En un momento político marcado por la desconfianza, la polarización y el desgaste institucional, la figura de Manuel Gavira emerge como una de las voces más contundentes dentro del panorama andaluz.
Su discurso, lejos de la tibieza, golpea directamente a los dos grandes partidos tradicionales —Partido Popular y PSOE— a los que acusa sin rodeos de mantener un pacto tácito que, según él, termina perjudicando a los ciudadanos.
Esta entrevista no solo es una conversación política.
Es un retrato de una forma de entender el poder, la gestión pública y el papel de los partidos en una comunidad autónoma que, según Gavira, lleva décadas atrapada en un sistema que no cambia.

De votante ocasional a líder político
El recorrido personal de Gavira no sigue el guion clásico del político de carrera. Él mismo lo reconoce sin complejos: durante años, su relación con las urnas fue esporádica, casi distante.
“Yo votaba muy poco, con sinceridad”, admite. “Era uno de esos andaluces que participaban en muy contadas ocasiones”.
Este distanciamiento inicial con la política activa no le impidió desarrollar una visión crítica del sistema. De hecho, su entrada en Vox en 2014 marca un punto de inflexión radical. A partir de ese momento, su implicación no solo crece, sino que se convierte en total.
Encabezó listas electorales, participó en campañas en momentos especialmente difíciles para su formación —cuando aún era marginal— y se mantuvo firme durante lo que él mismo define como una “travesía del desierto” entre 2014 y 2018.
El factor Abascal: convicción y liderazgo
Uno de los momentos más reveladores de la entrevista llega cuando Gavira recuerda el instante que consolidó su compromiso político: un acto en El Puerto de Santa María.
Allí, según relata, percibió algo que marcaría su trayectoria: la determinación de Santiago Abascal.
“Me acuerdo perfectamente de la mirada, de la claridad de ideas.
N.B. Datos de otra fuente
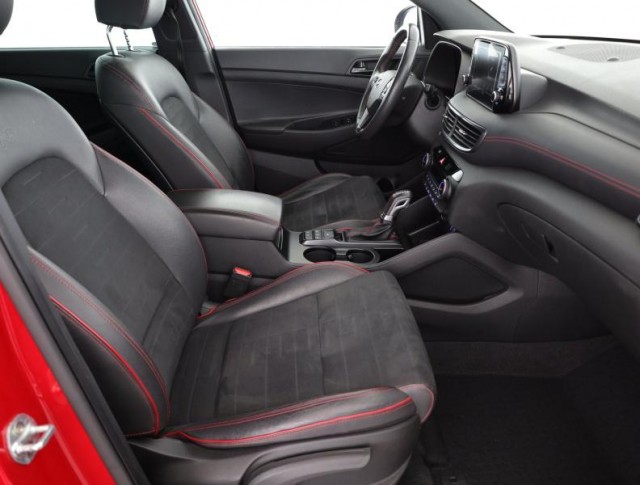 Hyundai Tucson  2.0 CRDi N-Line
Esa determinación fue lo que me hizo seguir”, explica.
Para Gavira, esa firmeza no solo define a su líder, sino que representa lo que, en su opinión, falta en otros partidos: coherencia, dirección clara y compromiso sin matices.
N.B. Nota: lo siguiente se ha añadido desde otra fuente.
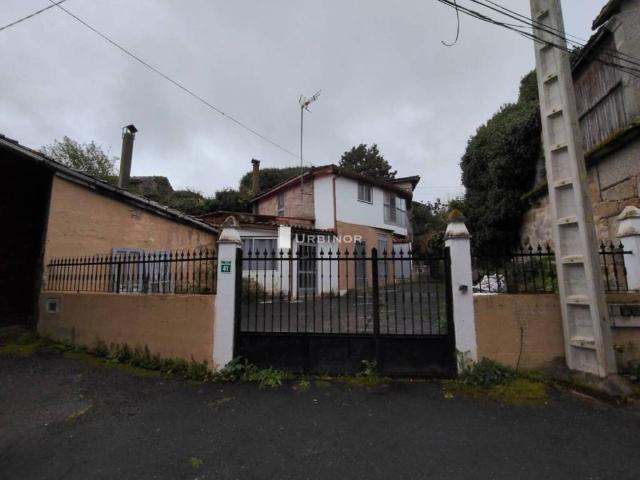 Casa en venta en Ourense, Galicia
“Estoy a disposición del partido”: disciplina y estructura
Lejos de proyectar una imagen de ambición personal, Gavira insiste en un concepto clave: la subordinación al proyecto colectivo.
“Estoy a disposición de mi partido, de mi presidente y del comité ejecutivo”, afirma.
Esta declaración no es menor. En un contexto político donde las luchas internas y los egos suelen dominar titulares, Gavira reivindica una estructura jerárquica clara, donde el individuo se pone al servicio de una estrategia común.
Incluso deja abierta la posibilidad de dar un paso atrás si así se lo pidieran: “No tendría ningún problema”.
Canal Sur en el punto de mira: acusaciones de manipulación
Uno de los ataques más directos de la entrevista va dirigido a Canal Sur, la televisión pública andaluza.
Gavira denuncia lo que considera una utilización partidista del medio financiado con dinero público.
“Los andaluces pagan impuestos para el beneficio político de un gobierno”, sostiene.
Según su versión, existe una clara desigualdad en el trato mediático hacia Vox. Como ejemplo, menciona su propia experiencia como portavoz durante cinco años, asegurando que nunca ha contado con la misma visibilidad que otros representantes políticos.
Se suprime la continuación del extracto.